- Opening Delimiter -
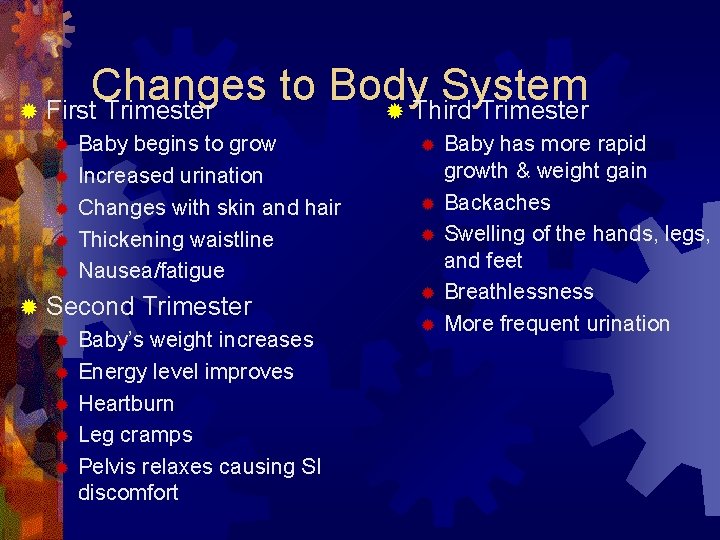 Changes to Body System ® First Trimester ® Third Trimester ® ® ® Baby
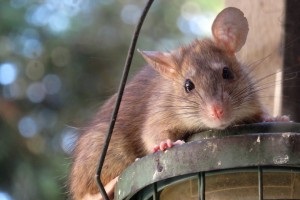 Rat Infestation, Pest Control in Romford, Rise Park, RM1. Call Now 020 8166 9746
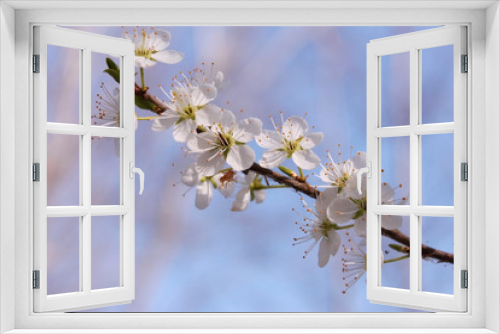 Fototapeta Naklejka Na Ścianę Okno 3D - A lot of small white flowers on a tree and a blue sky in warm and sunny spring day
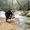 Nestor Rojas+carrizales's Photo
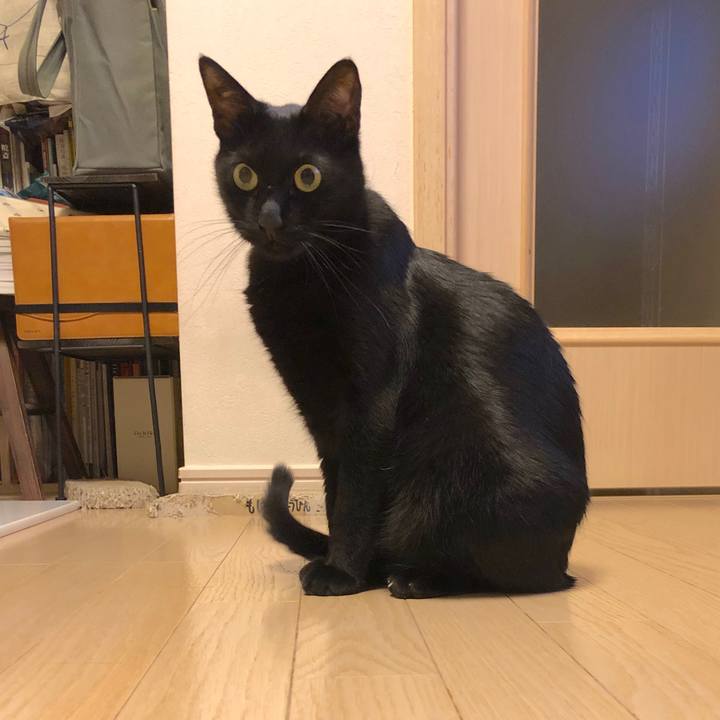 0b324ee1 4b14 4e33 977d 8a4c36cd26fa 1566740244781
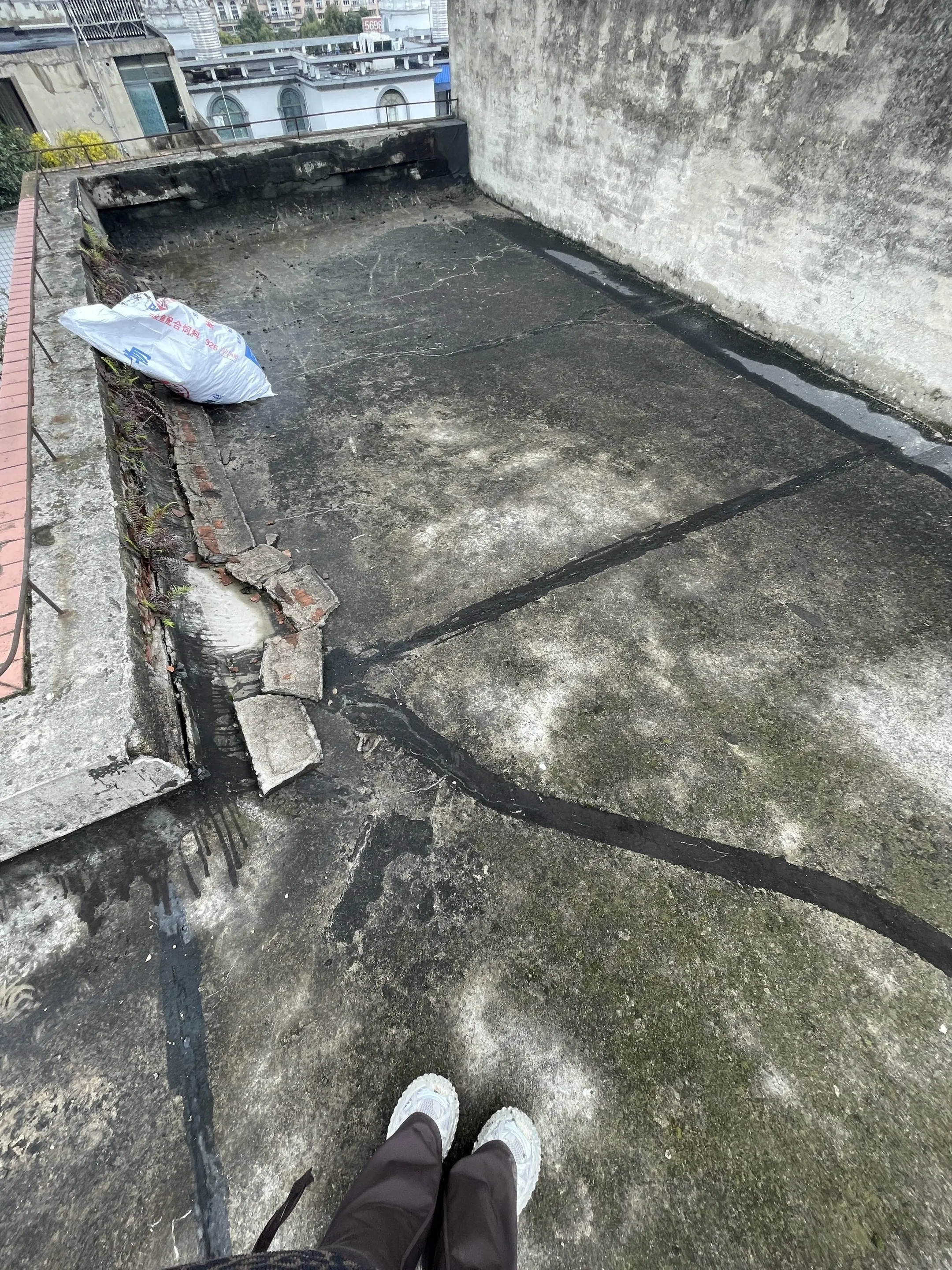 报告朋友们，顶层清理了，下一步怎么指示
- Closing Delimiter -
◆ DESCRIPTION OF THE TASK
Working from the line with "0b324ee1 4b14 4e33" to the last line of the material above, repeat each line exactly and leave out the pictures.

◆ EXERCISE SOLUTION
 0b324ee1 4b14 4e33 977d 8a4c36cd26fa 1566740244781
 报告朋友们，顶层清理了，下一步怎么指示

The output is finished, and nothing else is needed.